Every facet of the Divine Liturgy bears spiritual meaning. The hymns, the vestments, the movements, as well as the physical church all bear spiritual meanings. In addition, the structure of the Liturgy carries its own spiritual meaning.

The Armenian Divine Liturgy is divided into four main parts:

1) Preparatory Service (Badrasdoutyoun-Պատրաստութիւն) is the first part of the liturgy. The celebrant prepares himself by vesting, confessing before the faithful, ascending the Holy Altar, preparing the gifts of the Holy Communion, and blessing the faithful by procession.

2) Liturgy of the Word or Midday Office/Synaxis (Jashou Bashdon/Pani Badarak - Ճաշու Պաշտօն-Բանի Պատարագ). This focuses on the Word of God, and teaching and proclaiming our faith in the Holy Trinity. During this part of the liturgy, there are three readings: a prophetic reading, an Epistle reading, and a Gospel reading. It concludes with the Nicaean Creed.

3) Liturgy of the Faithful (Havadatselots Badarak – Հաւատացելոց Պատարագ). This is the main part of the Liturgy, which is conducted over the gifts of the Holy Eucharist. The celebrant asks the Holy Spirit to descend upon the Holy Altar and transform the Eucharistic gifts into the body and blood of our Lord Jesus Christ. It concludes with the distribution of the Holy Communion.

4) Dismissal Service (Artsagoum - Արձակում). This is the last part of the Divine Liturgy. It starts with hymns of thanksgiving for the Holy Communion, followed by another Gospel reading and blessings of dismissal. Generally, the requiem service takes place here.

I will focus on the main body of the service, which consists of the Liturgy of Word and the Liturgy of the Faithful.
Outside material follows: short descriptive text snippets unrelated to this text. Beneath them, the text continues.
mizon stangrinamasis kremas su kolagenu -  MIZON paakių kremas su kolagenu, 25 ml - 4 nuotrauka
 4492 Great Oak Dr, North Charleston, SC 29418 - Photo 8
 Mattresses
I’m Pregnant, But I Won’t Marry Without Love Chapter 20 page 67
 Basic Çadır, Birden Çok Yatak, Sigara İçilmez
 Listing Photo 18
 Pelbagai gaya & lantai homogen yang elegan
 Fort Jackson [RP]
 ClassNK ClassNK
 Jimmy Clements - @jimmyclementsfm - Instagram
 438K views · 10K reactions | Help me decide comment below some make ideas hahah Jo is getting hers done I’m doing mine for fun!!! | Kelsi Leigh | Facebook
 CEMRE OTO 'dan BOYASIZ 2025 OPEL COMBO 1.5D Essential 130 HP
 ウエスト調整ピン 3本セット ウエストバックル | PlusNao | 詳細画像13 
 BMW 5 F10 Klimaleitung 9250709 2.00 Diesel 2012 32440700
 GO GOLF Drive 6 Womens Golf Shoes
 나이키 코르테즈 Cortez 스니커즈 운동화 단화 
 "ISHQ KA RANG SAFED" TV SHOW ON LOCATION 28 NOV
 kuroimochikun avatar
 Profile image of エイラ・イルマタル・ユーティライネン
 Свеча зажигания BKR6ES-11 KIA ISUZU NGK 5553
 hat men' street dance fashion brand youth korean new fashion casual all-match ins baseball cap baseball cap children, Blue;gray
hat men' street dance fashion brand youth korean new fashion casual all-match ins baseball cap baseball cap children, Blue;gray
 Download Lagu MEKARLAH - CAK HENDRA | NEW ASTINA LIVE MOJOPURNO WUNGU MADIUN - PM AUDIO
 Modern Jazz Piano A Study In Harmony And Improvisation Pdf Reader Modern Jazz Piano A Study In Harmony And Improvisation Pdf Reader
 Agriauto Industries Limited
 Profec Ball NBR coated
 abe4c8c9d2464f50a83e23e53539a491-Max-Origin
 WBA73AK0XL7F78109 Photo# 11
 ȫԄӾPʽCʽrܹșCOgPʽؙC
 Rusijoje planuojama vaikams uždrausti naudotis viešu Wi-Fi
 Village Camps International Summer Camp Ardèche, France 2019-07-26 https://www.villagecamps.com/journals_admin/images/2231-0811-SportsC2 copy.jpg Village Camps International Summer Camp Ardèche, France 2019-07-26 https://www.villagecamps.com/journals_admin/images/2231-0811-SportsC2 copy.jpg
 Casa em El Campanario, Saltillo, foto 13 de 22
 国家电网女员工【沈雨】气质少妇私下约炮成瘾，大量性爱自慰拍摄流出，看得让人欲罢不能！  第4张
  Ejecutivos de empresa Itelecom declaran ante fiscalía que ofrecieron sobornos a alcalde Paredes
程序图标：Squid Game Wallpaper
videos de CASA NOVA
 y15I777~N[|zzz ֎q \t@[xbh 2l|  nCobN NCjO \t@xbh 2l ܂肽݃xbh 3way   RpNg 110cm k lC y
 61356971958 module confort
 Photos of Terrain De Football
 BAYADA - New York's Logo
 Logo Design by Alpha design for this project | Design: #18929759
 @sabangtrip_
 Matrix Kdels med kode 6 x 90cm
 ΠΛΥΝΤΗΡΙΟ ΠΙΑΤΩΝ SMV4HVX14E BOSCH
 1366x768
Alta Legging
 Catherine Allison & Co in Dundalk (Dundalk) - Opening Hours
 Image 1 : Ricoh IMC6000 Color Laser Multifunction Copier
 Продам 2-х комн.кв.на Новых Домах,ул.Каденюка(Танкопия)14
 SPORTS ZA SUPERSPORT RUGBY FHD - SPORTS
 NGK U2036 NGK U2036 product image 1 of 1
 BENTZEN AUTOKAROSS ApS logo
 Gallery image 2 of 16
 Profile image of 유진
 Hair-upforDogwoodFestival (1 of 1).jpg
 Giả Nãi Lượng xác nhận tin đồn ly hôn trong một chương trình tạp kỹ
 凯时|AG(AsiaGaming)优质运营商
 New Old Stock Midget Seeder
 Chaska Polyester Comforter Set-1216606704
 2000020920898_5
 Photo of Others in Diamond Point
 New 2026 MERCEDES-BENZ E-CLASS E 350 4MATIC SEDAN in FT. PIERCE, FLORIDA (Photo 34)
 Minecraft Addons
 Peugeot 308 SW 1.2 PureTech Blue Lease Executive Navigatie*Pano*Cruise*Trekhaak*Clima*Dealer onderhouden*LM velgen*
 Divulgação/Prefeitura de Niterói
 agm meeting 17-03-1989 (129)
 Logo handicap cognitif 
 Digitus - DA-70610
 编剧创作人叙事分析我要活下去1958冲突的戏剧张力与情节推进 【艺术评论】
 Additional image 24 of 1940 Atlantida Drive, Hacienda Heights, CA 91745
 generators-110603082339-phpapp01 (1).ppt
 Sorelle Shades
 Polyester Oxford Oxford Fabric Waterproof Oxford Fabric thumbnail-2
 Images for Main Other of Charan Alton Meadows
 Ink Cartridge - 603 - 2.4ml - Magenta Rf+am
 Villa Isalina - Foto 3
Understanding the structure of the Divine Liturgy adds another level of spirituality, helping the faithful get in closer contact with God.

In the early church, the liturgy was bifurcated in two: one for the catechumen and one for the faithful. The faithful are those who have been baptized into the church, whereas the catechumens are learning about their faith in preparation of baptism. The Liturgy of Word was organized in a way for the catechumens to hear and learn God’s word, and eventually be baptized as Christians. At the end of the Liturgy of the Word, the catechumens would move to the rear of the sanctuary, and the Liturgy of the Faithful would begin. We no longer practice this movement, as most attendees are baptized members of the church. Why do we still have this structure and how can we use it to enhance our liturgical experience?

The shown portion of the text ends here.